Liechtenstein's 21st-century interpretation appeared much more playful and self-aware. Living inside an incredibly sleek, mixed-use building called L40, the performance artist was drawn to a particular space inside the building's “tower” portion. He saw it as the perfect spot for an ornamental hermit, and it turns out that the building’s architect had thought the same when he designed it. “It was a totally weird coincidence,” L40’s architect, Roger Bundschuh, tells us. “I was dumbfounded.”

Bundschuh is actually quite fascinated with the history of Georgian garden architecture and the follies built within them. Translating that idea into a black, concrete building on a tight-knit city parcel means the visual references aren’t exactly easy to identify, but the “tower” section is designed to reflect the ideas behind the typical Georgian folly. In 18th-century England, a hermit would walk out of his folly and look at the gardens that surrounded them, an atmosphere that allowed for deep contemplation.

Bundschuh's L40 building in Berlin. The "tower" portion inspired by and used as a modern-day hermitage can be seen on the top right corner of the structure. (Image courtesy the architects)

Bundschuh, whose references are often tongue-in-cheek, designed the tower portion of the L40 to have the occupant walk down from the unit and out onto its belvedere: “It has two functions," Bundschuh says. “You see it from the outside and it’s an ideal building.” But from the belvedere, the occupant looks out onto the Berlin skyline, not exactly known for being romantic in appearance. “You question yourself, 'Is this an ideal view?'" says the architect. "You start questioning what’s been given to you.”

Asked if Liechtenstein would have fit in with the average 18th-century hermit, Bundschuh says Berlin’s internet celebrity is “much too sophisticated.” Campbell adds that, “traditions must develop to remain alive, and [Liechtenstein]'s performance art is certainly consistent with the idea of the garden hermit in the 21st century.” In fact he’s not the only European artist giving the hermit life a chance.

In 2002, UK performance artist Ansuman Biswas responded to Staffordshire County Council’s application for one weekend as a resident hermit (stipend provided) at the Shugborough Estate for an exhibition called “Solitude.” In 2009, Biswas lived a hermit once more, this time spending 40 days and nights in a gothic tower attached to the Manchester Museum. Through a webcam and a blog, Biswas let the public observe his experience.

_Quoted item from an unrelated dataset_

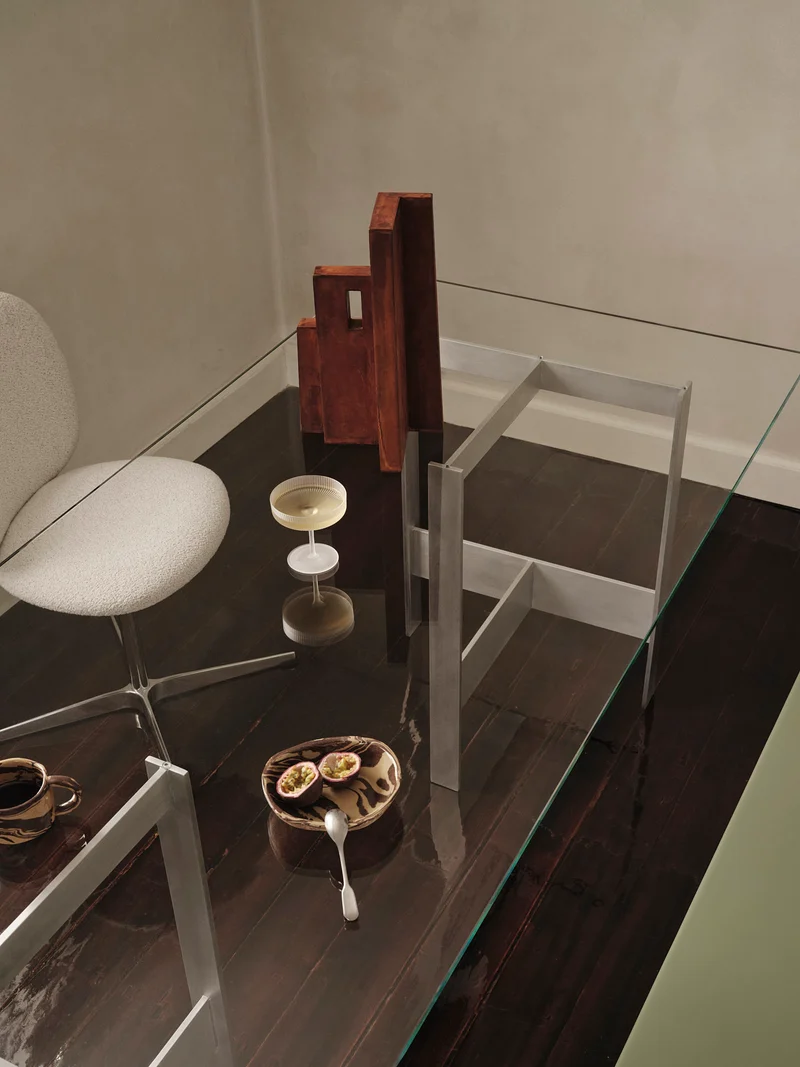 Lager Dining Table - 200 x 90 - Glass/Aluminium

Ornamental hermits may have also, indirectly at least, inspired the creation of the garden gnome. Campbell says that the modern-day version of garden gnome we know actually traces back to Disney’s Snow White, which featured a type of gnome that is “culturally bland and wholly unsupported by an underlying ideology.” But before the animated film, “the pre-Disney gnome represented a link with the natural world,” says the hermit expert, adding that “it may not be altogether foolish to see a succession that extends from the living garden hermit to ... the garden statue to the early garden gnomes collected by gentry families.”